Frederick Gifford, Senior Product Manager at Sony AI, emphasized that the team’s approach aligns with a long-standing effort to use computational tools to explore scientific possibility space.

“A lot of what we’re doing sits on a continuum with earlier attempts to help scientists reason across vast, complex bodies of knowledge,” he said.

That continuum traces back to Kitano’s argument that “the critical aspect of scientific discovery is how many hypotheses can be generated and tested, including examples that may seem highly unlikely.” Sony AI’s system builds on that perspective by enabling researchers to identify not just existing relationships in the literature, but the ones that are likely to emerge next.

Equally important was ensuring the system would be useful to real researchers. Generating predictions is one thing; making them actionable or useful is another. The team evaluates not only model accuracy, but also whether suggestions provide meaningful scientific direction, and, most importantly, whether they help researchers ask better questions, explore new areas, or avoid unproductive paths. This required building interfaces that surface clear, literature-backed reasoning chains rather than opaque predictions.

Challenges & Learnings

All members of the team agree that the most significant challenge is the data itself. Scientific literature is inconsistent, contradictory, and often incomplete. “It can feel like the edge cases are infinite,” Sánchez Martín said. These inconsistencies make scientific reasoning difficult for humans and they create challenges for machines as well.

Resource constraints added further complexity. Unlike large industry labs with vast compute budgets, Sony AI had to design models that work efficiently under practical limitations. But Akujuobi noted that these constraints actually pushed the team to innovate, forcing them to find solutions that were both computationally lean and scientifically effective.

Another important challenge is trust. Machine-generated hypotheses can be met with skepticism, especially in fields where scientific intuition develops over years of study. To address this, Gifford explained that Sony AI’s system surfaces reasoning paths behind each prediction. “This is a major benefit of models built on Knowledge Graphs,” he said, “you can go back to the Graph to understand the architecture of the prediction.” Kitano described this environment of noisy, and imperfect knowledge as the “twilight zone of scientific discovery,” where AI systems must be designed to reason through uncertainty rather than avoid it.

The team also learned valuable lessons from collaborations with biologists and domain experts. In early iterations, researchers found some models too complex, preferring simpler paths through the literature rather than deeply nested contextual layers. These insights helped refine the system to better align with real-world scientific workflows.

Future Outlook

The researchers share a common belief: AI should augment human scientific thought, not replace it. “The goal isn’t to stop scientists from thinking,” Akujuobi said. “It’s to give them more confidence and make them more efficient.” Besold added that efficiency is especially important given limited scientific resources.

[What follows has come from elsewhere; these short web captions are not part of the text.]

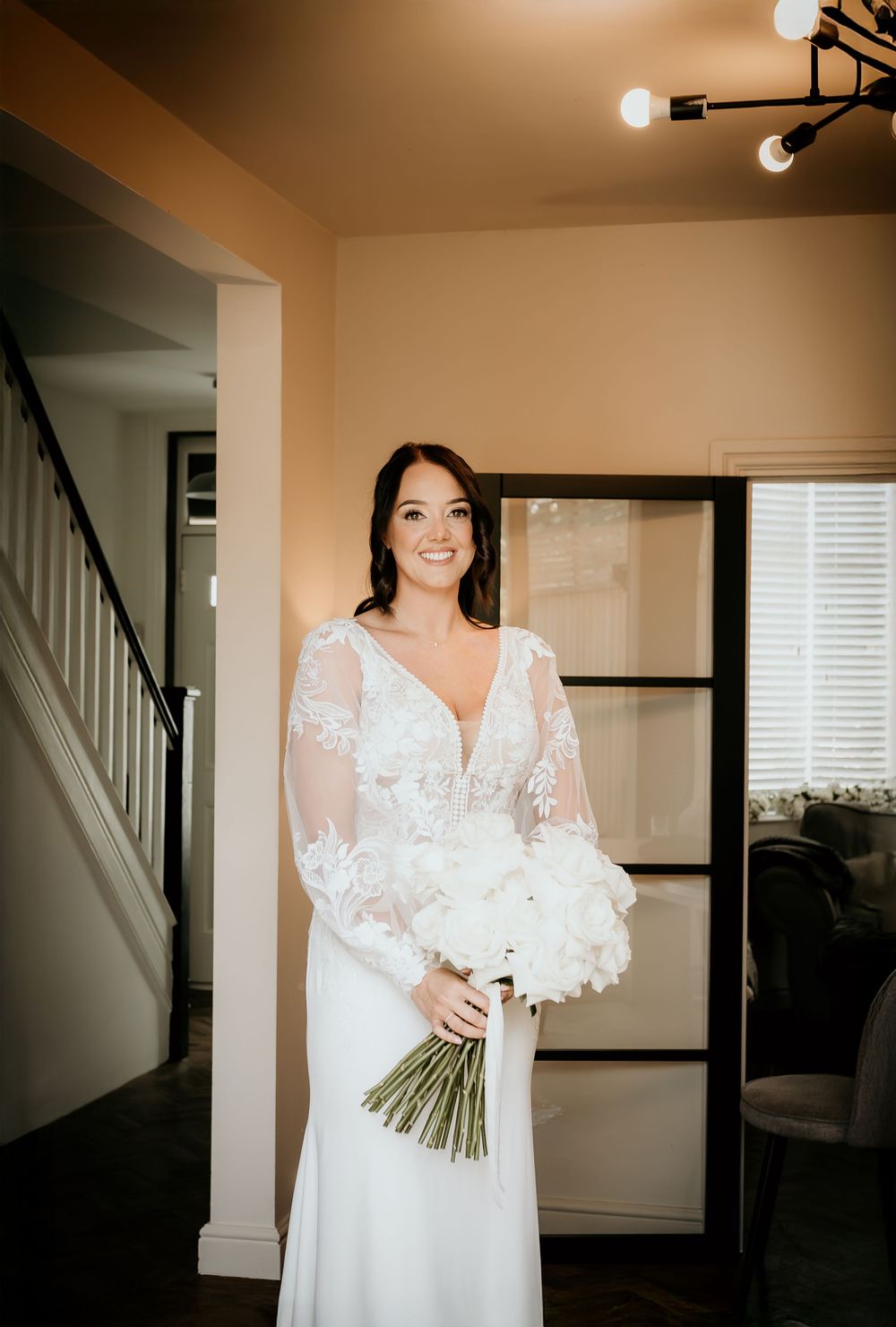 A bride in an elegant white lace dress holds a bouquet while standing in a home interior.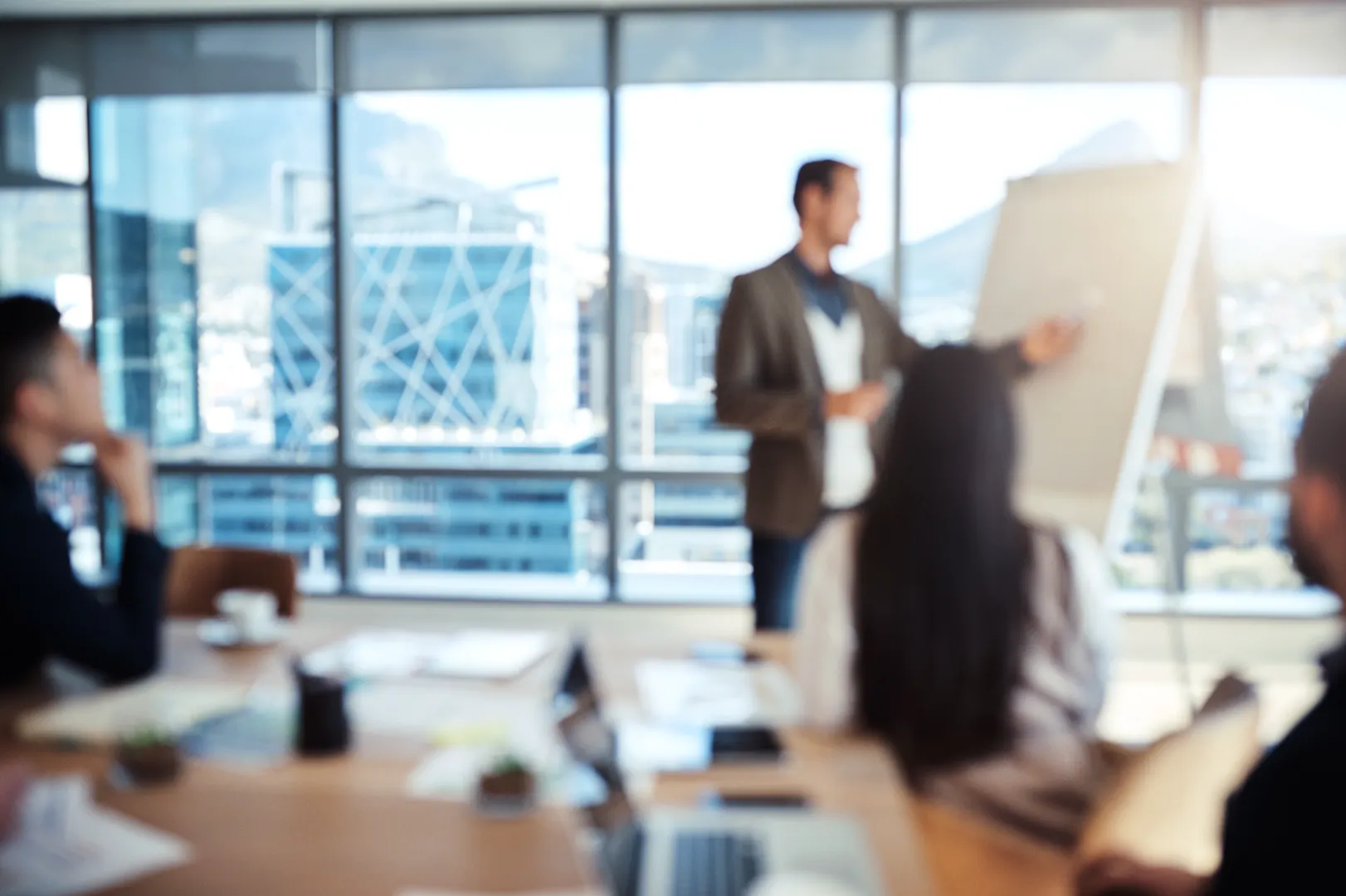 Blurry image of a business meeting with a presenter standing by a flip chart and attendees seated at a table in a bright office with large windows.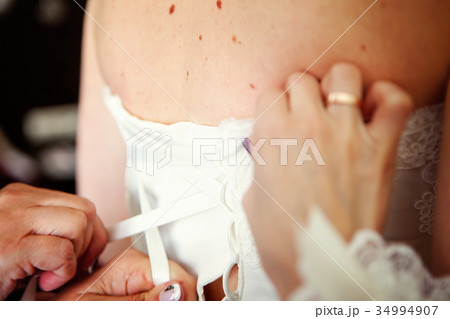Lacing on a wedding dress Lacing on a wedding dress 34994907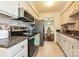Updated kitchen featuring stone counters, stainless appliances and convenient tile floor at 1077 Sardis Cove Dr, Charlotte, NC 28270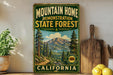 a vintage-style sign for the Mountain Home State Forest in California, with a scenic mountain landscape and pine trees.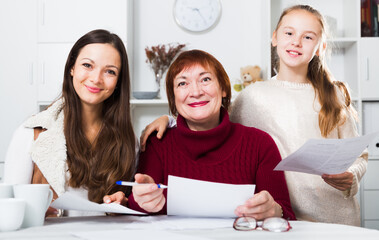 Three generations of happy family working together with documents at home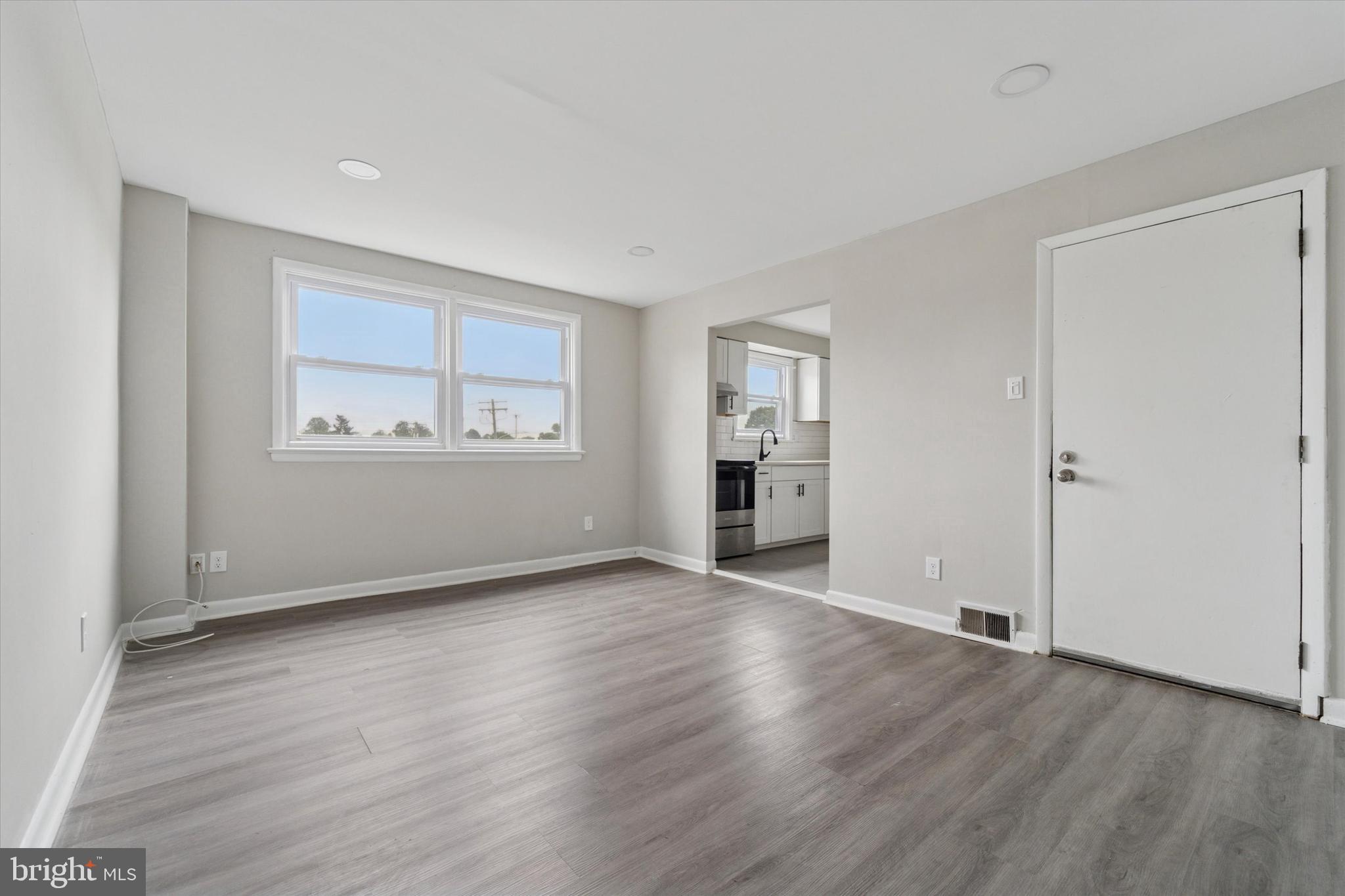 3819-3821 Garrett Road Drexel Hill, PA 19026 - Photo 14 of 24 an empty room with wooden floor cabinet and windows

In practice, that means giving researchers a wider field of view—surfacing literature-grounded connections and clear reasoning paths they can evaluate, challenge, and build on.

Looking ahead, Gifford described the team’s ambition as enabling researchers to reason across the full breadth of scientific knowledge—a goal consistent with earlier visions for computational discovery systems. What excites the team most is the potential for deeper, faster scientific discovery.

“There are diseases without cures,” Akujuobi said. “But that doesn’t mean cures don’t exist—just that they haven’t been discovered.” Sony AI hopes to play a meaningful role in helping researchers uncover those missing connections.

Ultimately, their work signals a shift in how scientific literature can be used: not simply as a record of what is already known, but as a structured foundation for identifying discoveries that the accumulated body of knowledge suggests should exist. By putting the full power of scientific knowledge into the hands of researchers, the team aims to support a new era of scientific reasoning grounded in both human insight and the collective evidence of decades of scientific thought.